Passadas algumas horas me deparo como a mesma notícia, mas desta vez temos uma manchete diferente que não havia como ignorar. As câmeras de circuitos de segurança da vizinhança flagraram a ação e o jovem Daniel da Cruz de Jesus, morto pela PM , não havia recebido os policiais a tiros. Ele foi abordado e executado, as imagens captadas pelas câmeras contradizem toda a versão dada pela polícia. No vídeo é possível ver os policiais chegando em um carro descaracterizado, ou seja, sem a marca de instituição, abordando o jovem que ajoelhado, sem nenhuma reação ou resistência é EXECUTADO. 

Daniel tinha 24 anos. Havia saído de casa para levar seu passarinho para tomar sol. Foi morto no bairro Irmã Dulce, o Mutum. Não é um bairro nobre da cidade, mas isso eu nem precisava falar, pois, ao pesquisar no Google, você vai notar que essas mortes dos jovens de Saj  tem cor e uma localização específica, de jovens negros e dos bairros mais periféricos da cidade . 

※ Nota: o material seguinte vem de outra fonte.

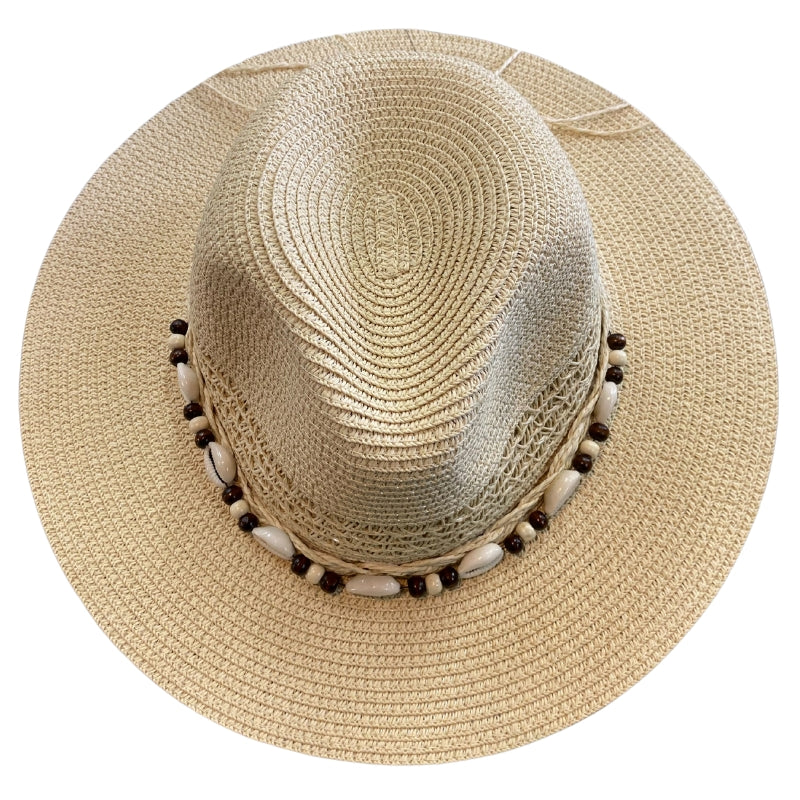 Ladies Shells Band Brim Hat Hatworx NZ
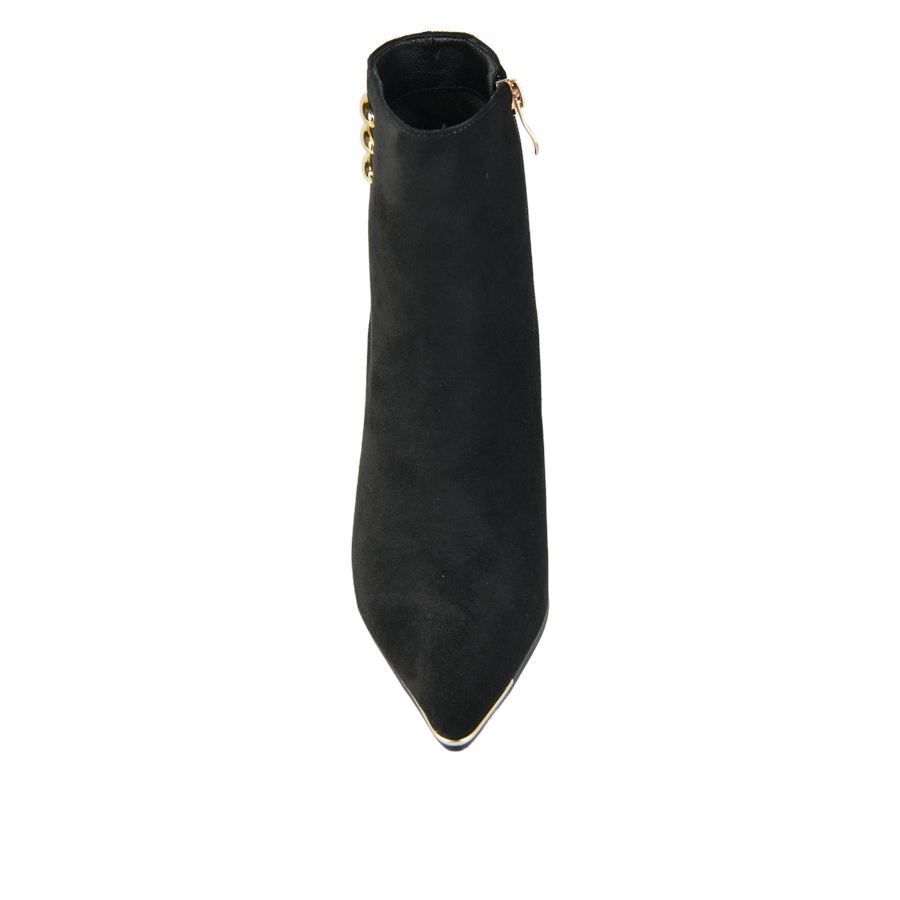 botine damă textil negru 0162063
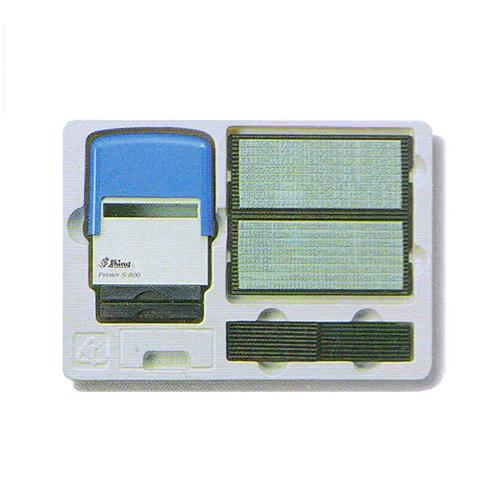 Carimbo de Montar S800 Shiny Placa 18x47mm<small>sm800 - Shiny</small>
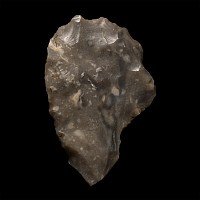British Stone Age Knapped Flint Knife from Farnham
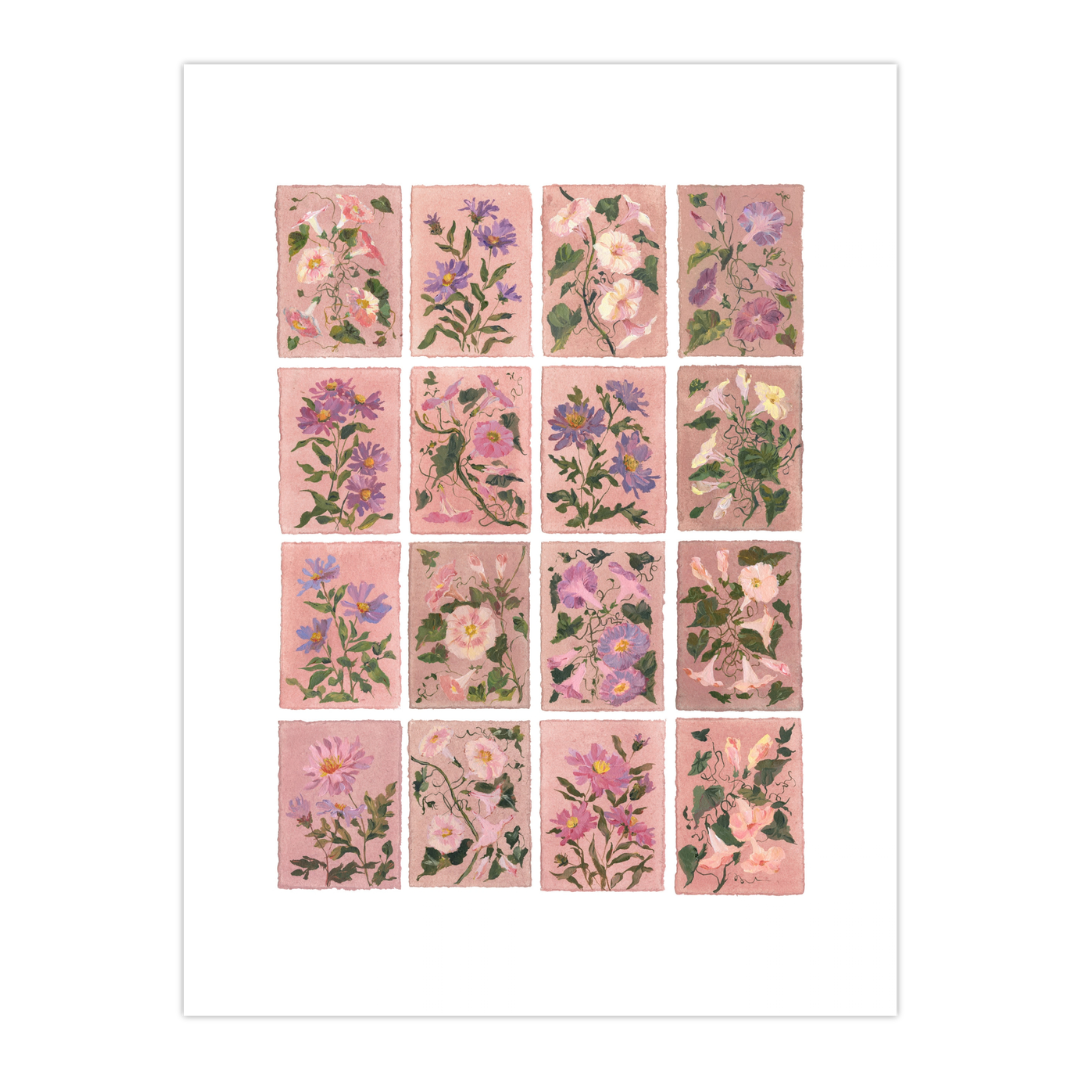 September's Morning Glory: Series of 16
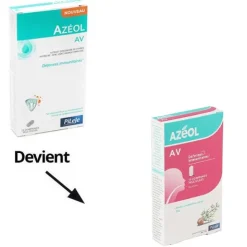 Pileje Azéol AV comprimés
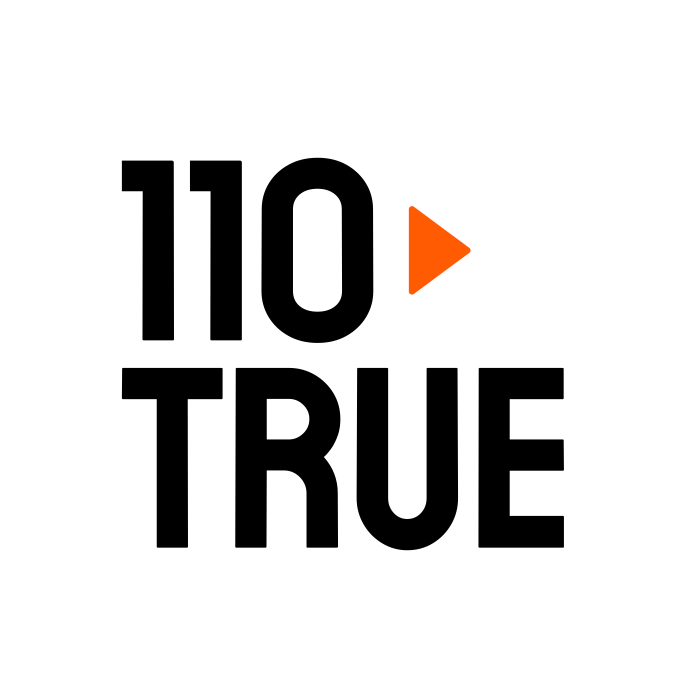 110 True Logo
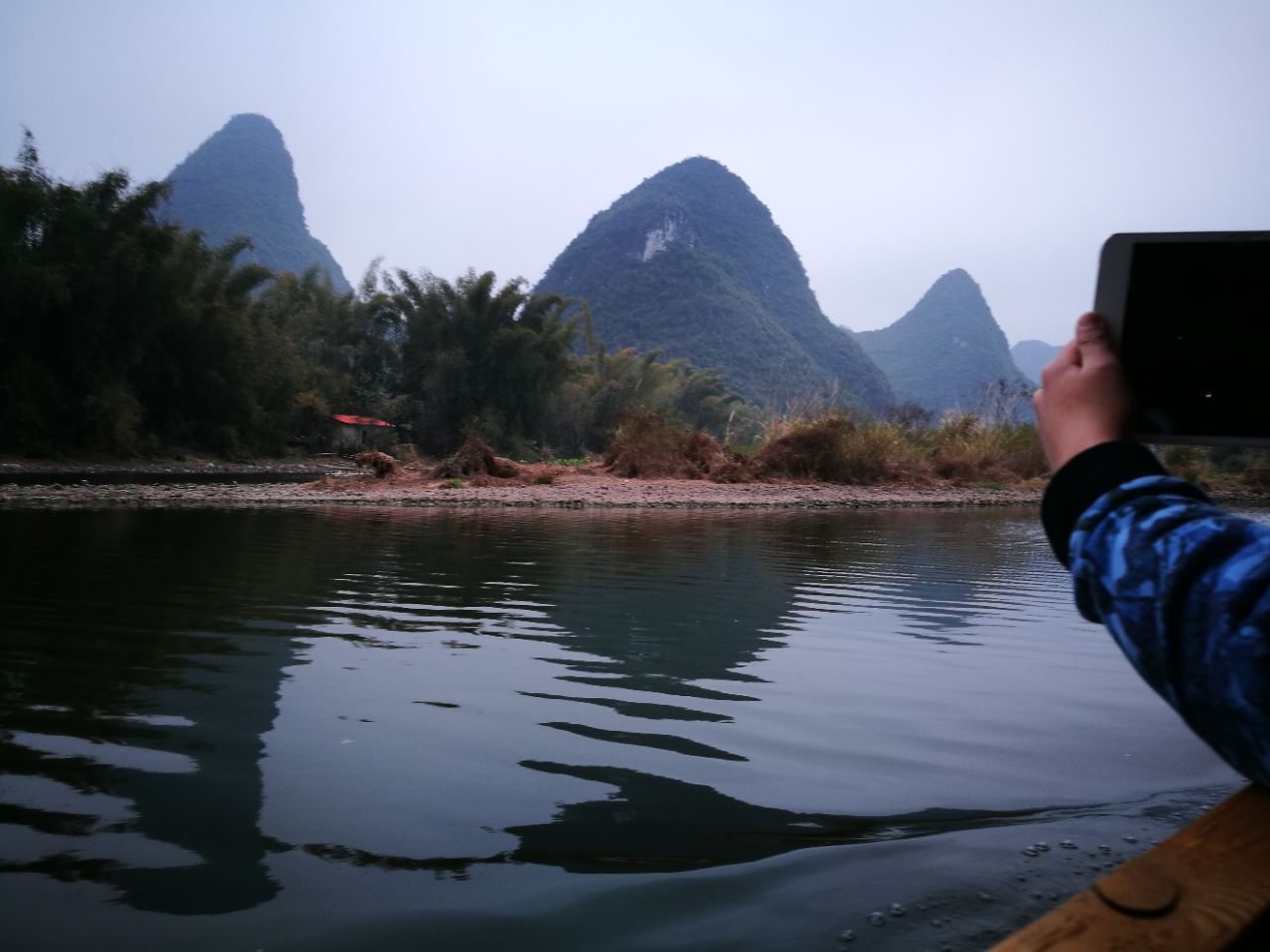 桂林荔浦荔江灣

No comércio mais barato da Bahia a carne mais barata do mercado é a negra. Os dados do Fórum Brasileiro de Segurança Pública (FBSP) publicados em 2020, apontam Santo Antônio de Jesus como a cidade em que mais pessoas negras morrem em ações policiais no Brasil.  

 Neste momento surgem perguntas sobre o histórico de Daniel: “Ah, mas ninguém morre de graça”, “entrou nessa vida porque quis”, quem nunca ouviu isso? Mas não estou aqui para questionar a trajetória do jovem, e sim qual a função da PM? 

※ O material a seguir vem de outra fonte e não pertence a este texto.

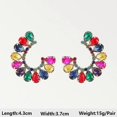 thumbnail image 1 of Pendientes colgantes geométricos de Cristal shaofei con cuentas de playa de verano estilo bohemio 34, 1 of 5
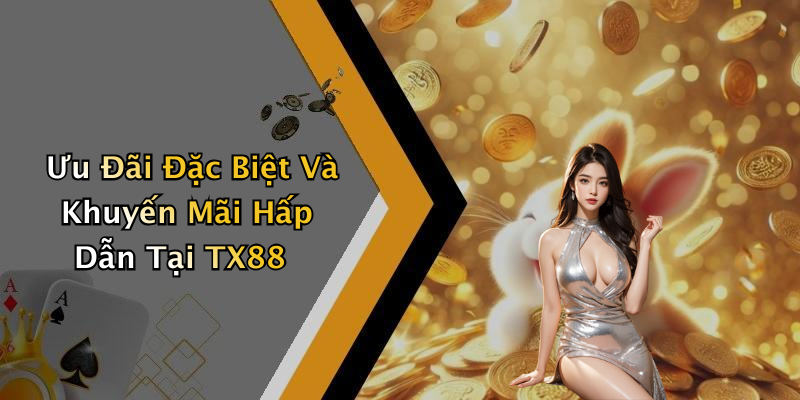 Ưu Đãi Đặc Biệt Và Khuyến Mãi Hấp Dẫn Tại TX88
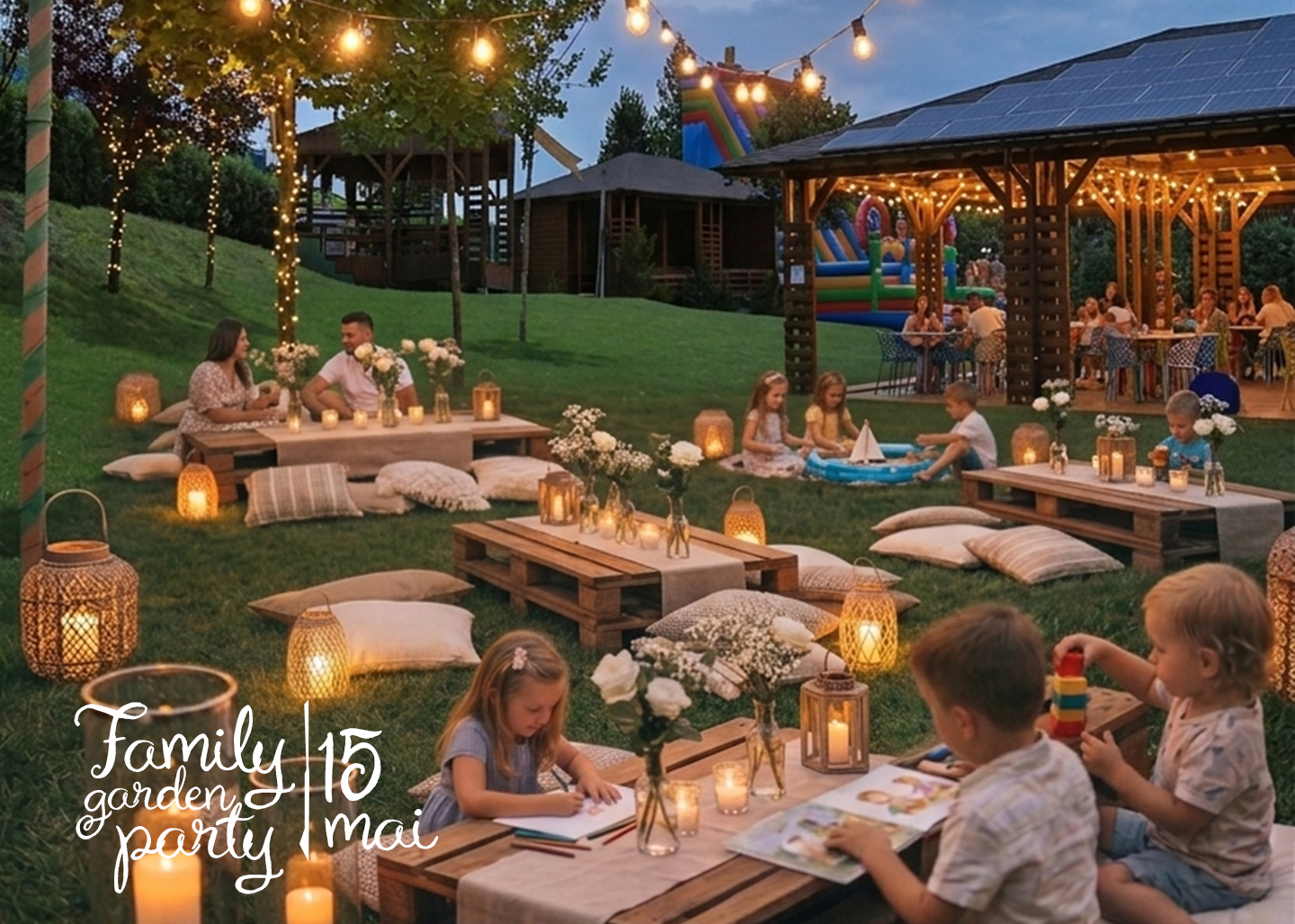 Zao Park - Cel mai mare loc de joacă pentru copii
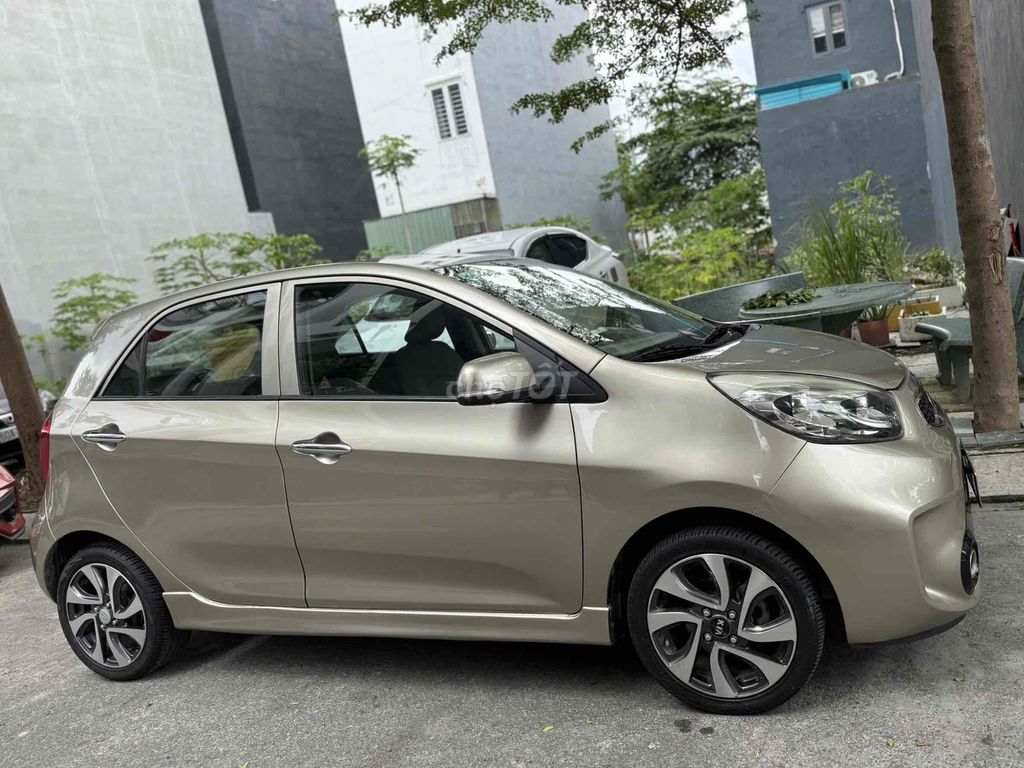 Kia Morning 2017 Si 1.25 AT - 125456 km. Mua bán Ô tô tại Thành phố Buôn Ma Thuột Đắk Lắk được đăng bởi manh hoàng  hình 3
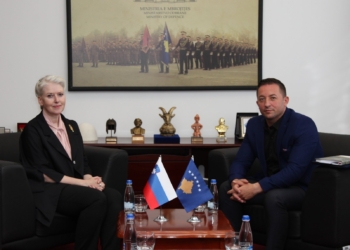 Mehaj: Partneriteti efektiv me Slloveninë është në interes të sigurisë rajonale dhe më gjerë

Em uma breve pesquisa na internet a reposta é simples: “Proteger o cidadão, sociedade e os bens públicos e privados, coibindo os ilícitos penais e as infrações administrativas”. Há outros questionamentos que sou levada a fazer: Para qual lado da sociedade essa proteção é bem-vinda? Pra quem vale essa “proteção”? 

São casos como esse de Daniel que só ganham uma nova versão graças às redes sociais e à circulação do vídeo. A notícia circulou o país inteiro e abre espaço para debates sobre a violência policial.

O discurso de “bandido bom é bandido morto” inflamado pelo atual Presidente da República dá o aval para que atitudes como essa ainda sejam aplaudidas e vistas como proteção e normalizem que corpos de jovens negros estejam sempre no alvo e no chão, sem nem precisar dar uma melhor explicação.